Das PEI arbeitet demnach nach Standardverfahren (SOP); dies war in einem Gutachten von der Verteidigung angezweifelt worden. Bei seiner Aussage erklärt er, dass die Kühlkette sehr wichtig sei. Monoklonale Antikörper hätten aber eine lange Halbwertszeit und seien daher lange nachweisbar – auch im Körper von Patienten. Am Tag der Razzia hätten ihm zufolge daher systematisch Blutproben entnommen werden müssen. Laut Correctiv wurde nur vereinzelt Blut von einigen Patienten entnommen.

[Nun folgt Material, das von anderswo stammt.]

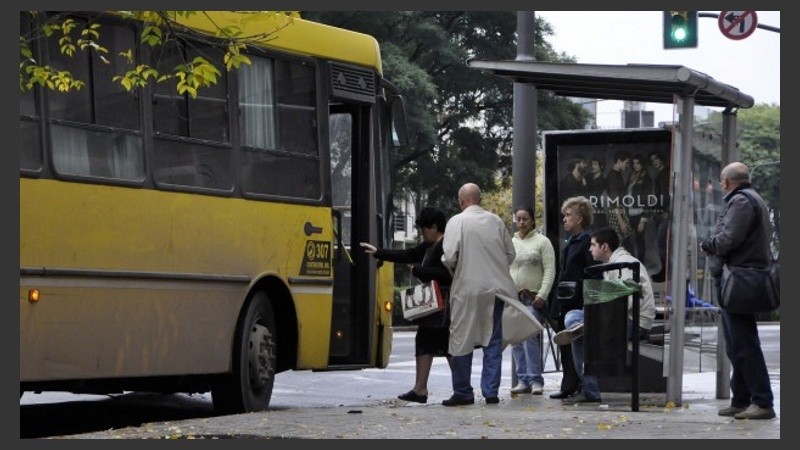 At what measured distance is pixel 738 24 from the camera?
96.8 ft

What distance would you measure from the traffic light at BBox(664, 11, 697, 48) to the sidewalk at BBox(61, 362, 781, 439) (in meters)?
8.31

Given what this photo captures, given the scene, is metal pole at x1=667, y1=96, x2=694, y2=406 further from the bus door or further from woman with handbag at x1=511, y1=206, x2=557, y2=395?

Um herauszufinden, was das Bundeskanzleramt von den gepanschten Krebsmedikamenten weiß, soll auch Merkel zu den Vorfällen aussagen. Hintergrund ist ein Briefwechsel zwischen dem Kanzleramt und eine der Betroffenen, die sich parallel auch an den Bundespräsidenten gewandt hatte. In seiner Antwort geht das Kanzleramt davon davon aus, „dass es sich bei den Bottroper Geschehnissen um einen Einzelfall kriminellen Fehlverhaltens handelt”.

Ein Anwalt der Nebenklage sah in der Formulierung einen Grund zur Annahme, dass Merkel beziehungsweise dem Bundeskanzleramt maßgebliche Erkenntnisse vorliegen, die für die Schuld- und Straffrage von Peter S. von Bedeutung seien. Zudem forderte die Nebenklage die Beiziehung der Akten des Staatsschutz zu den Ermittlungen zu den Drohbriefen gegen die Nebenklägerinnen und die Mitglieder der Demonstration in Bottrop.

Die Verteidigung dagegen fordert, den Vorwurf der versuchten Körperverletzung fallen zu lassen. Grund ist die Aussage eines Fahrers, der am Tag zuvor vernommen wurde. Seiner Aussage zufolge erhielt ein Fahrer immer eine Freigabe der Boxen mit den darin vorhandenen Infusionen. Diese Freigabe sei bei den beschlagnahmten Infusionen aber nicht erfolgt. „Die Anwälte der Nebenklage halten dieses Manöver der Verteidigung für durchsichtig“, so Correctiv.